Using the records below, transcribe exactly only the lines from the one with "Those are the" through the end, both included, and drop every picture.

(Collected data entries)
..............................
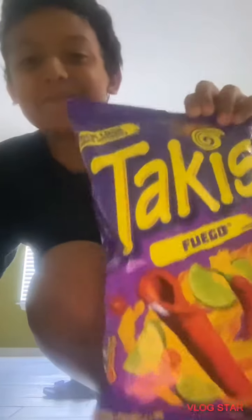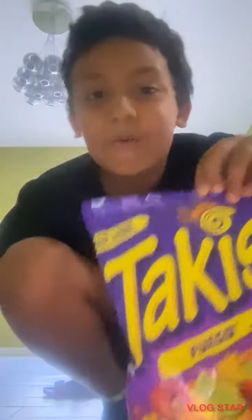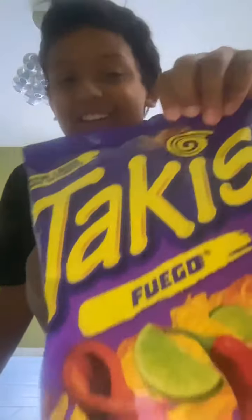Hey guys, welcome back to Jameson's World! In today's video we're going to be rating Takis 1 out of 10. Now we're going to get the Takis and then rate them to see how spicy they are.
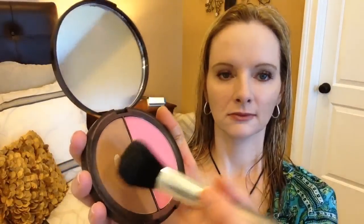Using a brush by Vasanti, I'm going to apply my Tarte bronzer. On my cheeks, I'm going to use this Chanel sample I got from Schwa. It's called Angelique — it's a pretty pink color. I'm going to apply it with my Real Techniques blush brush.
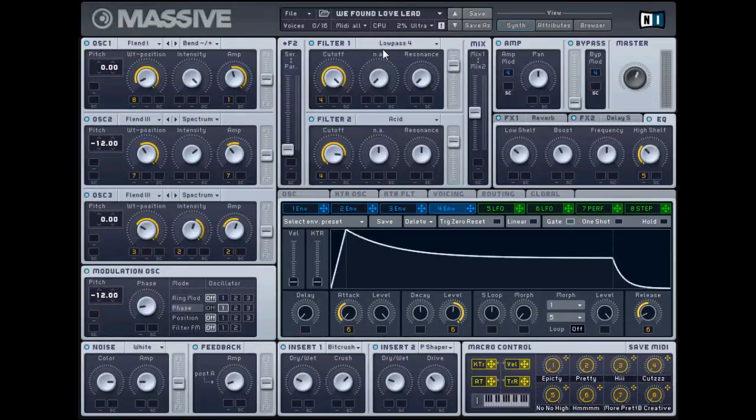Let's go up to the filters. You're going to do a low-pass filter, cut off all the way down, resonance all the way down. And then the acid filter - that's the best filter I could find to get the ambiance, probably a bad term, but to get the ambiance that I wanted. So play around with the filter setting, maybe you'll get a better sound.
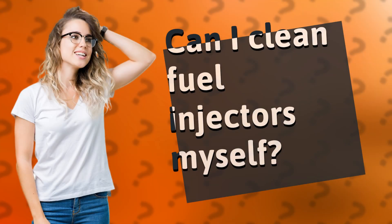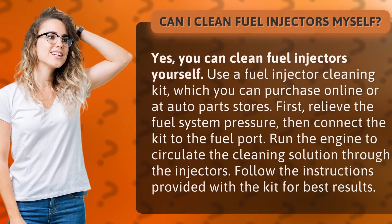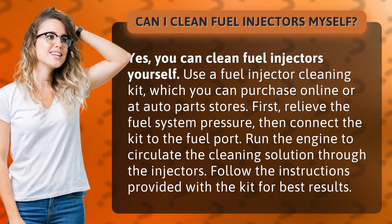Can I clean fuel injectors myself? Yes, you can clean fuel injectors yourself.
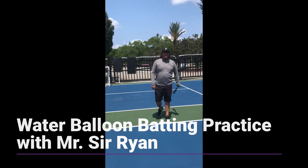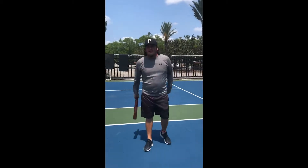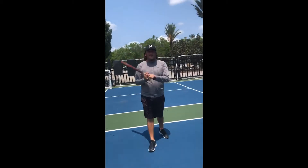Hey guys, it's Mr. Sir Ryan and Mr. Jake behind the camera. We're going to show you guys a little water balloon batting practice. If you're a tennis player, you could do this with your tennis racket. Maybe golfers can try it with a golf club. But for me, I'm a baseball guy, so we've got a bat.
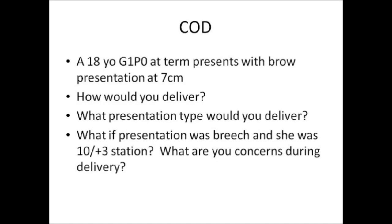Those are the concerns of head entrapment, and that's why a big move was to do primary cesareans for breeches. But other than that, I think you answered perfectly. Definitely having the steps for a breech delivery memorized is going to really help.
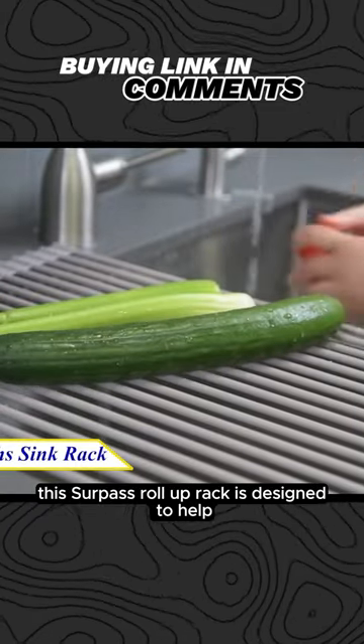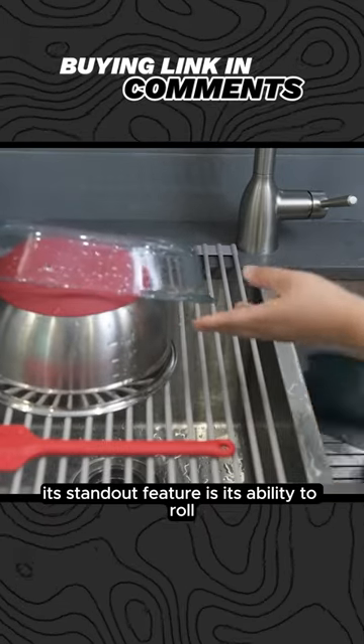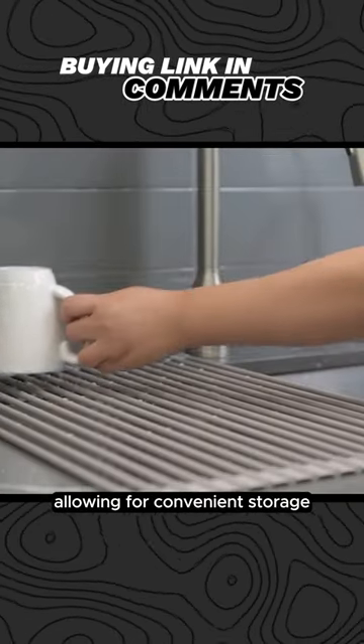This Serpos Roll-Up Rack is designed to help you save space in your kitchen effortlessly. Its standout feature is its ability to roll up when not in use, allowing for convenient storage.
..............................
> [Result of the task]:
Those are the concerns of head entrapment, and that's why a big move was to do primary cesareans for breeches. But other than that, I think you answered perfectly. Definitely having the steps for a breech delivery memorized is going to really help.
This Serpos Roll-Up Rack is designed to help you save space in your kitchen effortlessly. Its standout feature is its ability to roll up when not in use, allowing for convenient storage.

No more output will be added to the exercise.